Dedicated to all those who have championed land rights in Scotland, past and present, Lyrics are by Robert Nicoll set to a tune by Alan Dickson.


Song of Freedom

Lyrics by John Peacock , Greenock, published on 19th April 1845 in the Northern Star. Re-arranged by Alan Dickson and set to a variation of the tune ‘What Can a Young Lassie Do Wi’ an Old Man'.

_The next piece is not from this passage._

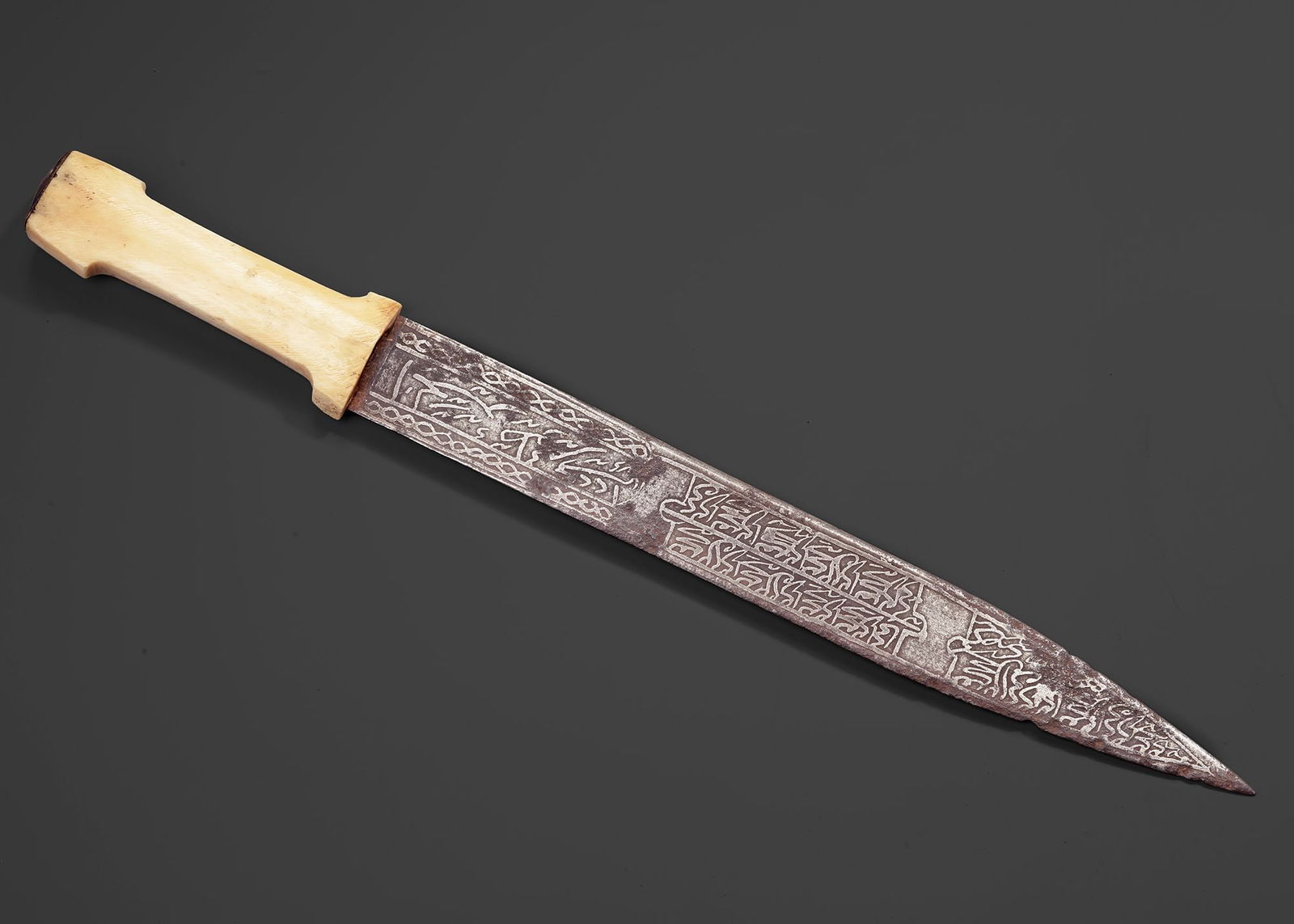 A PERSIAN DAGGER WITH BONE HANDLE, QAJAR PERIOD, 19TH CENTURY: Persian dagger, likely from the Qajar period, featuring a carved bone handle and a steel blade richly engraved with Islamic calligraphy and decorative motifs. L. 46 cm.256 gr.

There's A Good Time Coming

A popular song from the middle of the nineteenth century by Charles MacKay (written in 1846), set to a new tune by Alan Dickson. The future is brighter now for an increasing number of islands and rural areas through community landownership.


My Heather Land

Lyrics by William Thom, published in the Northern Star 1847. Air ‘The Highland Watch’.


Bennachie

This is a rewrite (by Alan Dickson) of the traditional Aberdeenshire ballad, ‘Oh! Gin I Were Whaur Gaudie Rins’. Here, Alan weaves together fragments of poems, written by local poets at the time. By the middle of the 19th century there were around 70 ‘squatters’ living in a colony on the common land of Bennachie Hill, before local lairds (in 1859) controversially appropriated the land. By the 1870s many of the tenants had been evicted as they couldn’t afford the rent. Bennachie is now owned by the Forestry Commission.


Democratic Chants

A pro-reform song by William Allan. Here he echoes Walt Whitman’s sentiments, believing that the people have the capacity to defend their liberties and are not props of hierarchy and class, dynastic rights, or the aristocratic tradition. The chorus, final verse and tune have been written by Alan Dickson.


The Land Song

An early 20th-century song that became a party political anthem of the Liberal Party. Some of the lyrics have been revised by Alan Dickson sung to the original tune "Marching Through Georgia".


Hobo Johnnie

A song written by Alan Dickson about John Muir from Dunbar, Scotland, known today as "The Father of the National Parks" in the United States. Until his death in 1914 though, Muir described himself as a tramp - it's only part of the story but undoubtedly the most picturesque part!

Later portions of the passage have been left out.